For the guy who might be on the skinny side, and who is struggling to gain muscle mass, this Muscle Building Guide has been written for you. An overview of the key features in this Muscle Building Guide should help you to be victorious in your muscle building quest!

Let us commence

 

1) In a set, no more than 10 Reps

 

You will start to stimulate your slow twitch muscle fiber which depresses the potential for muscle growth when you go over 10 reps in a set

This isn’t what we desire to do Going into the land of the 11th rep is a big NO; because the land of the skinny will await you If we want to build solid muscle mass, keeping it “Heavy” is the mind set you want to get yourself into.

In this zone, you need to be finishing all the exercises in your workout.

 

When you stick to the two rules of keeping sets less than ten, and keeping the weight heavy you can know that you are on your way to building muscle, guaranteed.A training partner is highly recommended when doing your heavy workouts. With the much overlooked issues as safety and inspiration, this will help you out. Lifting heavy weights is a must, and yes it is hard work but the benifits are so worth it!!


2) Reduction of Your Workout Moment

 

It is imperative in your muscle building guide to try and reduce the time it takes you to do the work and even try and add the workload. Work here refers to the number of sets, reps and recovery period.

 

This concept is often overlooked.

 

Do you think you will have more muscle gain if you can increase your workload but lessen the time it takes to do the work? Absolutely! We advice that this should be done with guidance by a trainer or a muscle building coach.

 

So an illustration to inlighten you on who is the stronger guy here. The guy who benches 185 pounds, at four sets of 8 with a 30 second rest between sets, or the guy who does precisely the same routine but with a 60 second between sets?

The answer must be the first guy as he is getting equal amount of work done in a shorter period of time.

 

The concept to grasp here as reading this muscle building guide the next time you work out at the gym or in your garage, record your rest periods between sets with a stop watch or timer of some description. If you have not done this before you will be astounished at the time variance between sets that you have been taking, especially near the 3rd or 4th set.
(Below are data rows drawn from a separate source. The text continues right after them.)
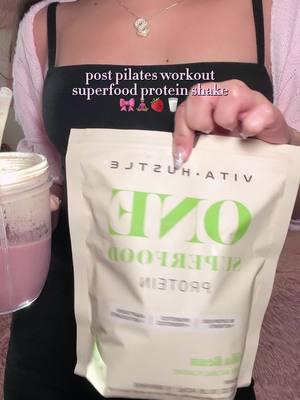 how to make your at-home protein shake actually taste good 💪🎀 @VitaHustle #vitahustle #proteinshake #proteinpowder #proteinhack #proteinshakes #proteinpowderreview #pilatesprincess #postworkoutmeal #superfoodssmoothie #superfoodpowder #wellness #fitnesstips #wellnessjourney #kevinhart 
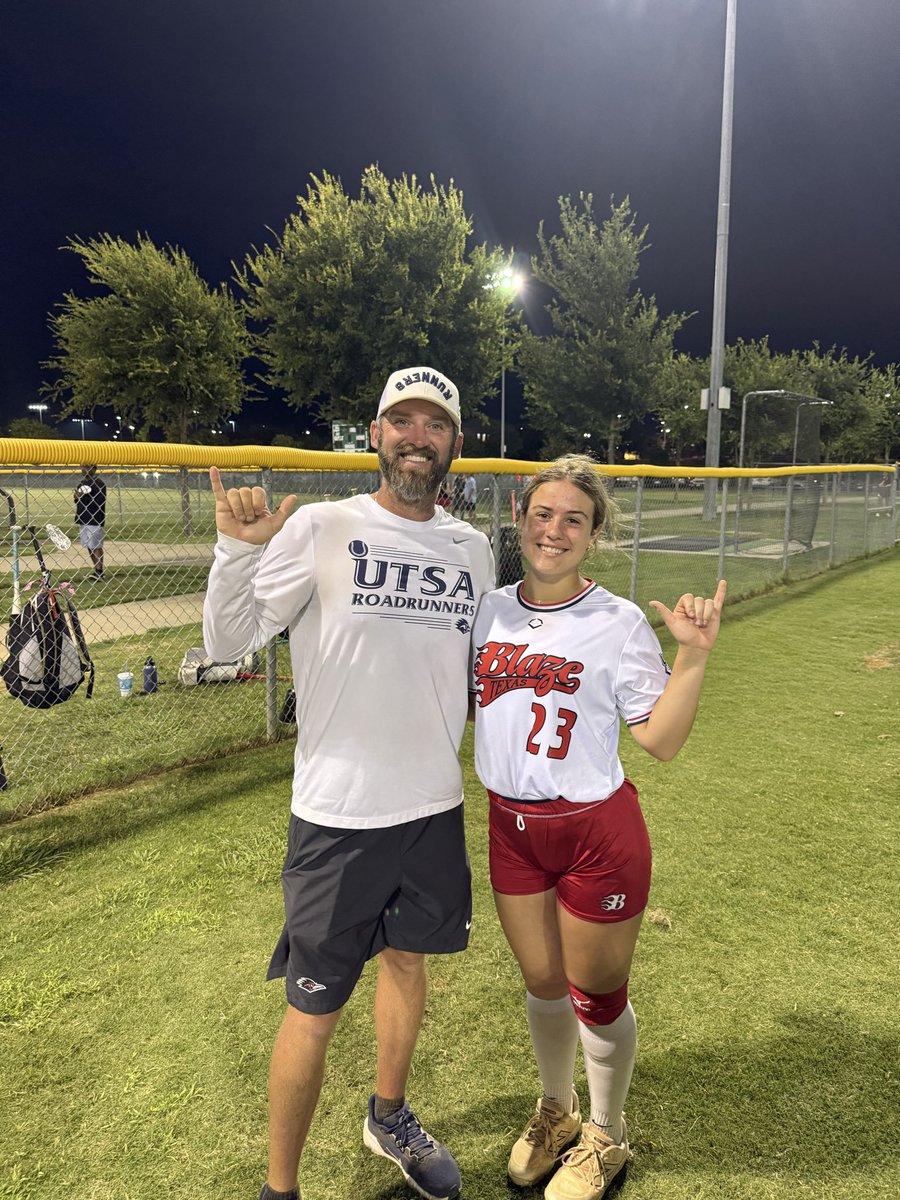 BellaP_2029's tweet photo. Had a great experience at the TFL Summer Championship Camp! Thanks to all the coaches who came out, and special thanks to Coach @caseydickson717 for helping me develop a new pitch grip! I had lots of fun, learned so much, and got to see high school teammates!

@caseydickson717 @UTDCometSB @KelseyBernhardt @TVCCSoftball @Coach_JimBray @UTSASoftball @GenesisG_2028 @BlazeKTXGold16U @BlazeFastpitch @CoastRecruits @GBRRecruits @SBRRetweets @LineDsoftball @SoftballRecruit @KCTigerSoftball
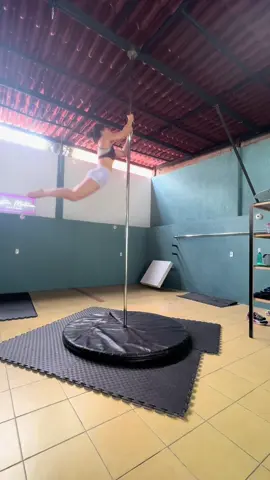 Muy pegriloso 😅🤭🫣🫢🤭😬 #pegriloso #muypegriloso #peligroso⚠️ #nohagasesto #🤭 #😓 #😬 #😬😬😬😬 #😬😬 #😱😱 #pole #polemicastiktokers #polerina #acro #acrobatic #acrobatics #acrobata #gymnastic #dinamicos #dinamico #polerina💪 #poler #combos #entrenando #entrenandoencasa🤗💪 #entrenamiento #entrenamientodefuerza #fuerza #fyp #fypシ #fyppppppppppppppppppppppp #fypp #fypシ゚viral🖤tiktok #fypツ #fypfitness #fypvideos😍 #fypvideos #videospole #videosnapchallenge #videosvirales #viralestiktok #virales #viralesdetiktok #siguene #💝 #🙏 #🤝 #✌️ #🤜 #🤜🤛✌ #🤓 #👋👋 #👋👋👋👋 #😃 #😘 #Fitness #fitnessmotivation #fit #FitTok #💪 #💪💪💪 #💪🏻 #💖 #💖💖💖 #😃 #💚 #🤎 #🤍 #❤️ #❣️ #💓 #fitnessgirl #girlpower #power #viraltiktok 
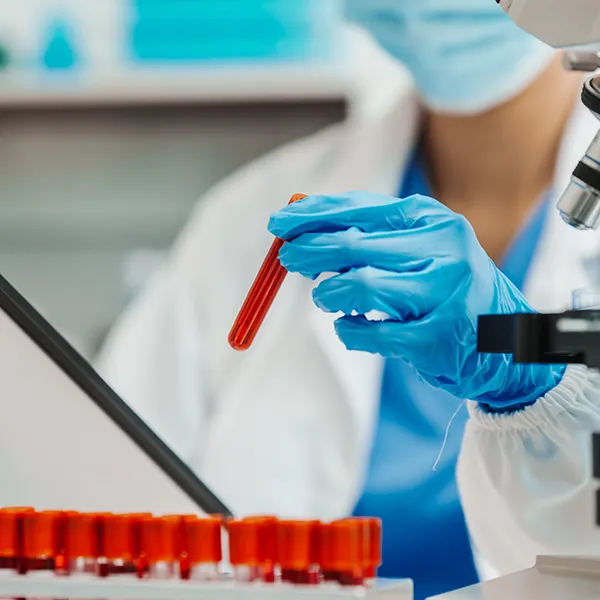 Nahaufnahme eines Wissenschaftlers, der einen präzisen Virus-Labortest durchführt,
This is the critical point where your muscle will get its most growth as the old time seems to creep out a little at this point.

 

{3) One Exercise for each Muscle Set}

 

That you should work your muscle group until it feels completely dead to get any muscle growth, is the theory out there which we feel is not much fun, and a little reckless to say the least. This case in point of a day at the gym.Here is an illustration of a day at the gym.

 

The bench press is what we will be working the chest muscle today, and really what better exercise to do this with! The first set you lift a weight of 175 pounds, second 195 pounds, third at 210 pounds and forth at 225 pounds. For the cluster you have just done, let’s say that this is the max weight. It’s probably impossible that you have used the max quantity of muscle fibers. You are not striving to rip your muscle group into shreds but to spark them into growth.

 

What happens once your muscle fibers go through an unknown attack, which means you truly feel like you are pushing your muscle group to a new level, your body will logically be forced to adjust and create new muscle to stop other attacks. This one workout for that particular day will be enough to inspire the muscle growth in that particular muscle group.

 

 

4) Keep to 3-5 Sets every Muscle Group

 

There are many skinny guys i see at the gym, and it still amazes me how they are knocking out 6 sets plus for each muscle group. Hardgainers(people who strain to gain weight) will have to use another set of rules if they are ever going to be succesful in building muscle.

 

Consequently the tested muscle building guide works like this. Just warming up, your first and second set are at 85% max effort. Getting pumped now! the third set is at approximately 95%, now this is the exciting part, your last set (and sometimes your fifth) set are at your full 100% max effort. You would think it would be the other way round as you would have more energy at the beginning of your exercise, but not the case. The last set is where most of your muscle growth happens, believe it or not.

 

I know you are without doubt feeling worse for wear by your last set, but this is where you need to dig in and go hard. Here is where your muscle growth occurs so you know that your hard work is worth it.

 

5.Raise Your Strength 5% Every Two Weeks

 

This has to be recorded but the title talks for itself really. I see a person making another big mistake of not keeping a record of the weight he or she is lifting. It is a must to build muscle and going for that 5% every 14 days is a realistic goal.

 

I will say pretty darn buff! think how you will seem in 6 months if you stick to this one muscle building guide.